[Python-Dev] "groupby" iterator

Guido van Rossum guido at python.org
Fri Nov 28 18:41:58 EST 2003

> Yes.  I recommend taking showers on a regular basis ;-)

Jack Jansen wants me to add: especially right after riding your
bicycle to work.  And my boss will agree.  (Enough for in-jokes that
no-one will get. :-)

> I'll experiment with groupby() for a few more days and see how it
> feels.  The first impression is that it meets all the criteria for
> becoming an itertool (iters in, iters out; no unexpected memory use;
> works well with other tools; not readily constructed from existing
> tools).


> At first, the tool seems more special purpose than general purpose.
> OTOH, it is an excellent solution to a specific class of problems and it
> makes code much cleaner by avoiding the repeated code block in the
> non-iterator version.
> > I would make one change: after looking at another use case, I'd like
> > to change the outer iterator to produce (key, grouper) tuples.  This
> > way, you can write things like
> > 
> >   totals = {}
> >   for key, group in sequence:
> >       totals[key] = sum(group)

Oops, there's a mistake.  I meant to say:

    totals = {}
    for key, group in groupby(keyfunc, sequence):
        totals[key] = sum(group)

> This is a much stronger formulation than the original.  It is clear,
> succinct, expressive, and less error prone.

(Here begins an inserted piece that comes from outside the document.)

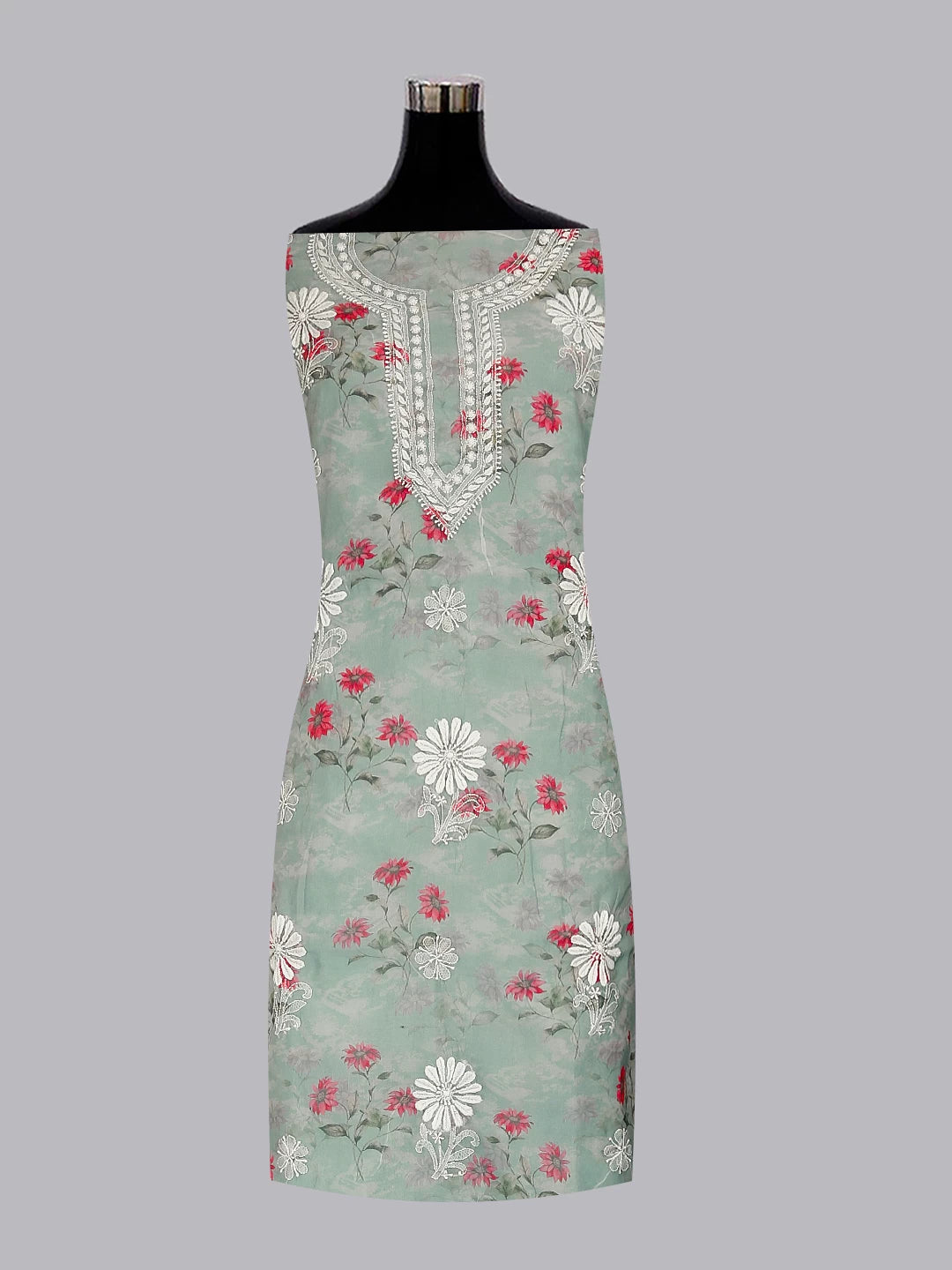 Ada Hand Embroidered Grey Floral Print Organza Lucknowi Chikankari Unstitched Kurta Dupatta Set 01A474633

I'm not sure to what extent this praise was inspired by my mistake of
leaving out the groupby() call.

> The implementation would be more complex than the original.

To the contrary.  It was a microscopic change to either of the Python
versions I posted, because the key to be returned is always available
at exactly the right time.

> If the
> group is ignored, the outer iterator needs to be smart enough to read
> through the input iterator until the next group is encountered:
> >>> names = ['Tim D', 'Jack D', 'Jack J', 'Barry W', 'Tim P']
> >>> firstname = lambda n: n.split()[0]
> >>> names.sort()
> >>> unique_first_names = [first for first, _ in groupby(firstname,
> names)]
> ['Barry' , 'Jack', 'Tim']

I don't think those semantics should be implemented.  You should be
required to iterate through each group.  I was just thinking that
returning the key might save the caller cumbersome logic if the key is
needed but the inner iterator is also needed.  The sum-by-group
example would become much uglier:

    totals = {}
    for group in groupby(keyfunc, sequence):
        first = group.next()
        key = keyfunc(first)
        totals[key] = first + sum(group, 0)

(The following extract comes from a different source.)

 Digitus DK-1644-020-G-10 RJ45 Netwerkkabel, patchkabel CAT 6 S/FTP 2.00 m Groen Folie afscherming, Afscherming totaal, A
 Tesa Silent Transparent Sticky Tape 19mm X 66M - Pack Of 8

> In experimenting with groupby(), I am starting to see a need for a high
> speed data extractor function.  This need is common to several tools
> that take function arguments (like list.sort(key=)).

Exactly: it was definitely inspired by list.sort(key=).

> While extractor
> functions can be arbitrarily complex, many only fetch a specific
> attribute or element number.  Alex's high-speed curry suggests that it
> is possible to create a function maker for fast lookups:
> students.sort(key=extract('grade'))  # key=lambda r:r.grade
> students.sort(key=extract(2))        # key=lambda r:[2]

Perhaps we could do this by changing list.sort() and groupby() to take
a string or int as first argument to mean exactly this.  For the
string case I had thought of this already (in my second shower today
:-); the int case makes sense too.  (Though it may weaken my objection
against property('foo') in a different thread. :-)

But I recommend holding off on this -- the "pure" groupby() has enough
merit without speed hacks, and I find the clarity it provides more
important than possible speed gains.  I expect that the original, ugly
code is usually faster, but in the cases where I've needed this I
don't care: either the sequence isn't all that long, or the program
doesn't run all that frequently, or it does so much other stuff that
the speed gain would be drowned in the noise.